Here is an example of a syslog entry that contains all three components: a header, followed by structured-data, and a message:
<236>1 2022-03-21T01:11:11.003Z virtual.machine.com evntslog - ID01 [user@32473 iut="1" eventSource="Application" eventID="9999"] This is a log entry!

Header
The header contains details like the timestamp; the hostname, which is the name of the machine that sends the log; the application name; and the message ID.
- Timestamp: The timestamp in this example is 2022-03-21T01:11:11.003Z, where 2022-03-21 is the date in YYYY-MM-DD format. T is used to separate the date and the time. 01:11:11.003 is the 24-hour format of the time and includes the number of milliseconds 003. Z indicates the timezone, which is Coordinated Universal Time (UTC).
- Hostname: virtual.machine.com
- Application: evntslog
- Message ID: ID01
Structured-data
The structured-data portion of the log entry contains additional logging information. This information is enclosed in square brackets and structured in key-value pairs. Here, there are three keys with corresponding values: [user@32473 iut=“1” eventSource=“Application” eventID=“9999”].
Message
The message contains a detailed log message about the event. Here, the message is This is a log entry!.
Priority (PRI)
The priority (PRI) field indicates the urgency of the logged event and is contained with angle brackets. In this example, the priority value is <236> . Generally, the lower the priority level, the more urgent the event is.
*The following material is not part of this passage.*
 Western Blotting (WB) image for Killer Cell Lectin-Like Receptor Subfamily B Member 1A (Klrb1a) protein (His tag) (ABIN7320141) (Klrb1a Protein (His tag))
CEF (Common Event Format)#

Common Event Format (CEF) is a log format that uses key-value pairs to structure data and identify fields and their corresponding values. The CEF syntax is defined as containing the following fields:

cef
CEF:Version|Device Vendor|Device Product|Device Version|Signature ID|Name|Severity|Extension

plaintext

Fields are all separated with a pipe character |. However, anything in the Extension part of the CEF log entry must be written in a key-value format. Syslog is a common method used to transport logs like CEF. When Syslog is used a timestamp and hostname will be prepended to the CEF message. Here is an example of a CEF log entry that details malicious activity relating to a worm infection:

Sep 29 08:26:10 host CEF:1|Security|threatmanager|1.0|100|worm successfully stopped|10|src=10.0.0.2 dst=2.1.2.2 spt=1232

plaintext

Here is a breakdown of the fields:

Syslog Timestamp: Sep 29 08:26:10
Syslog Hostname: host
Version: CEF:1
Device Vendor: Security
Device Product: threatmanager
Device Version: 1.0
Signature ID: 100
Name: worm successfully stopped
Severity: 10
Extension: This field contains data written as key-value pairs. There are two IP addresses, src=10.0.0.2 and dst=2.1.2.2, and a source port number spt=1232. Extensions are not required and are optional to add.

This log entry contains details about a Security application called threatmanager that successfully stopped a worm from spreading from the internal network at 10.0.0.2 to the external network 2.1.2.2 through the port 1232. A high severity level of 10 is reported.